◆ PROBLEM DESCRIPTION
Could you repeat, word for word, only the lines from the one containing "this 400×267 image." through the final line of the records below?

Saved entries

◇ ◇ ◇

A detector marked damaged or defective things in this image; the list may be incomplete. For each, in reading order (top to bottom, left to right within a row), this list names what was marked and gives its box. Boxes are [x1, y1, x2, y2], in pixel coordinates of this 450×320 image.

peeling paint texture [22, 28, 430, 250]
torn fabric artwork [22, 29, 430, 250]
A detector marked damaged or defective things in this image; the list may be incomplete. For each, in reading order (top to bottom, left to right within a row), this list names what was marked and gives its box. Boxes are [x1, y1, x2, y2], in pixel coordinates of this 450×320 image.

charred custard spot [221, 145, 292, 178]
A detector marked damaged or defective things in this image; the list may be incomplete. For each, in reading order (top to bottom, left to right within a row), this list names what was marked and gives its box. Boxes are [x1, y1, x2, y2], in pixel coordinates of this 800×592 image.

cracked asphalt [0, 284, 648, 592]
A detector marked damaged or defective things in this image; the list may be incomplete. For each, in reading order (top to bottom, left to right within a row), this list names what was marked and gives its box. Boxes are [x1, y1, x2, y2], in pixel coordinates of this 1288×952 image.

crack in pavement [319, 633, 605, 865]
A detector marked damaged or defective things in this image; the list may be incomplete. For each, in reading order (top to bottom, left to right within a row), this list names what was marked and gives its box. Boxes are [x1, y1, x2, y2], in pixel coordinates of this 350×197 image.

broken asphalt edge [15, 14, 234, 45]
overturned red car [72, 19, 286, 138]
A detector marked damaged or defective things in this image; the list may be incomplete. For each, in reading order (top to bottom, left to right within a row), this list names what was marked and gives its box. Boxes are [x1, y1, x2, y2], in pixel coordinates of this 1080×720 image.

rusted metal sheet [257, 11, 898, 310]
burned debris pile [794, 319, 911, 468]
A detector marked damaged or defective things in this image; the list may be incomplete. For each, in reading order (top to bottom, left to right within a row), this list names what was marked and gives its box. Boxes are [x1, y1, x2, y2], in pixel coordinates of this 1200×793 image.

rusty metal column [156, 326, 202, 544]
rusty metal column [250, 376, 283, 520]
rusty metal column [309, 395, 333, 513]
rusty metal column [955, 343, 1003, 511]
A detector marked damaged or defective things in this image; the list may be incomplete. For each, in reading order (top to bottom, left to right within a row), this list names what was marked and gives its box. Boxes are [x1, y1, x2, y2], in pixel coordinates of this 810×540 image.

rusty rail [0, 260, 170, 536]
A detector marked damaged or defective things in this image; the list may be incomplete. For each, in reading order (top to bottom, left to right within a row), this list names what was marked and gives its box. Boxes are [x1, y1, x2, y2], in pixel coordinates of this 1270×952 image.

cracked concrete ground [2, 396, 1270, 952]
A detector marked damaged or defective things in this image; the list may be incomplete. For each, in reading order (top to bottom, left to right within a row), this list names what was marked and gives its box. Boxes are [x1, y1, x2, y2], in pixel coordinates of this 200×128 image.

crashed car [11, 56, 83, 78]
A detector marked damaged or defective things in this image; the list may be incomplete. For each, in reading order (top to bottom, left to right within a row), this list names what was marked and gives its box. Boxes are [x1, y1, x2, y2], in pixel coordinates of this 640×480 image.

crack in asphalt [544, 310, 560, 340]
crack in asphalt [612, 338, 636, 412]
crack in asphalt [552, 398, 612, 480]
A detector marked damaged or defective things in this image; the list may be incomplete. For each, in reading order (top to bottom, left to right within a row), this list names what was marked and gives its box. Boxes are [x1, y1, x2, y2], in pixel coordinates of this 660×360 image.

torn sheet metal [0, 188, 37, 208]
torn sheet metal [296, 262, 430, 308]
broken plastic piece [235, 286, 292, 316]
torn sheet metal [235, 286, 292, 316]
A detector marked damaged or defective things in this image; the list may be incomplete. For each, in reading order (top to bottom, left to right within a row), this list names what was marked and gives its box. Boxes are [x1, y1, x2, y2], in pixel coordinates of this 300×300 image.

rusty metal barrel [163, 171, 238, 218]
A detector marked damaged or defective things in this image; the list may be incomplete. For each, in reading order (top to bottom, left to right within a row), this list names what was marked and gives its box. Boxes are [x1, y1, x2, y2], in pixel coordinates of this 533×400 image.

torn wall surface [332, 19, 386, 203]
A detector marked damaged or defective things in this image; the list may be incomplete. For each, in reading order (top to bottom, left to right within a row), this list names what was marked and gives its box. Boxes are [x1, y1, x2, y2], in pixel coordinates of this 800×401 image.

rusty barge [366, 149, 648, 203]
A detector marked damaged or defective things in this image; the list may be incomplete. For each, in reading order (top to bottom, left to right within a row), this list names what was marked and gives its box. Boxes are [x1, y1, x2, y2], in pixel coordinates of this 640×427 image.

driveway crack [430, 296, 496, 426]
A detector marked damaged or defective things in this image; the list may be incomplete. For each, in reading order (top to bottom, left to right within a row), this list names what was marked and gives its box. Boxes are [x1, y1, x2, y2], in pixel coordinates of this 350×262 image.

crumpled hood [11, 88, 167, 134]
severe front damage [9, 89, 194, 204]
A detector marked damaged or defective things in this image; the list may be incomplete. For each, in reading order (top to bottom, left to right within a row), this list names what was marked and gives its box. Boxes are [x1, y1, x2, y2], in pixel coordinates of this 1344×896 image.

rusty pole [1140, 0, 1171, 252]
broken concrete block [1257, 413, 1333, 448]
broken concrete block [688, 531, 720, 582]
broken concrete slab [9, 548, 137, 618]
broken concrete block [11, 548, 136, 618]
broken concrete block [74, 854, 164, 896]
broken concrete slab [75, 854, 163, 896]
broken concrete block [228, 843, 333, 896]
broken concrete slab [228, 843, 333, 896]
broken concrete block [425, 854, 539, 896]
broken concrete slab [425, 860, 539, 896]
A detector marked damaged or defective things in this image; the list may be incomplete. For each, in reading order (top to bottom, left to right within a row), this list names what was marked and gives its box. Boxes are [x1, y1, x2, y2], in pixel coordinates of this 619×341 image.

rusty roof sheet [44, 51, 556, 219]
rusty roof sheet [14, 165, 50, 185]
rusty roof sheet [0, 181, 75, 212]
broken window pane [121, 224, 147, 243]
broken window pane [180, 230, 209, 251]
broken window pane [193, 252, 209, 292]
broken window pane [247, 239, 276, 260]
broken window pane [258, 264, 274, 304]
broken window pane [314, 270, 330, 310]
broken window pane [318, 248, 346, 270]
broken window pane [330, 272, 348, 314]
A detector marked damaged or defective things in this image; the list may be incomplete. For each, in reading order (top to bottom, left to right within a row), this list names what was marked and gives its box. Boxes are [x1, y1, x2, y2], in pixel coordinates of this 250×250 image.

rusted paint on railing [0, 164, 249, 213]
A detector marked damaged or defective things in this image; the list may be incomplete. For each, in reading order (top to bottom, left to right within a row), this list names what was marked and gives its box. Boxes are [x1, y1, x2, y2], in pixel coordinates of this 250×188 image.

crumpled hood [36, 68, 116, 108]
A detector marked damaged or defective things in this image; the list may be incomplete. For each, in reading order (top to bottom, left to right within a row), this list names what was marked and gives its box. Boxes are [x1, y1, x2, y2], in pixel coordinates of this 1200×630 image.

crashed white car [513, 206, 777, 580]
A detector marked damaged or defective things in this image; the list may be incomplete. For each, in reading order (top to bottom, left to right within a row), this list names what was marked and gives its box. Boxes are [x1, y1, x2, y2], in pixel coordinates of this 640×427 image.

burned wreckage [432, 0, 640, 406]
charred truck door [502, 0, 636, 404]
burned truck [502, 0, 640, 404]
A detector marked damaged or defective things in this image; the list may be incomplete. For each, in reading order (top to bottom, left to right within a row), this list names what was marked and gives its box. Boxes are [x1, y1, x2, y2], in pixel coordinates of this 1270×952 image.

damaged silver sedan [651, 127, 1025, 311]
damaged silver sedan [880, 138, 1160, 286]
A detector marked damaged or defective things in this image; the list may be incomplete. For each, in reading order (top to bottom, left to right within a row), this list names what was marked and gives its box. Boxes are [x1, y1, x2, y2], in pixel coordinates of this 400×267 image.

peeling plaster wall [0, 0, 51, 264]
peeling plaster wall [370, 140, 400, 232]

◇ ◇ ◇

◆ ANSWER SECTION
A detector marked damaged or defective things in this image; the list may be incomplete. For each, in reading order (top to bottom, left to right within a row), this list names what was marked and gives its box. Boxes are [x1, y1, x2, y2], in pixel coordinates of this 400×267 image.

peeling plaster wall [0, 0, 51, 264]
peeling plaster wall [370, 140, 400, 232]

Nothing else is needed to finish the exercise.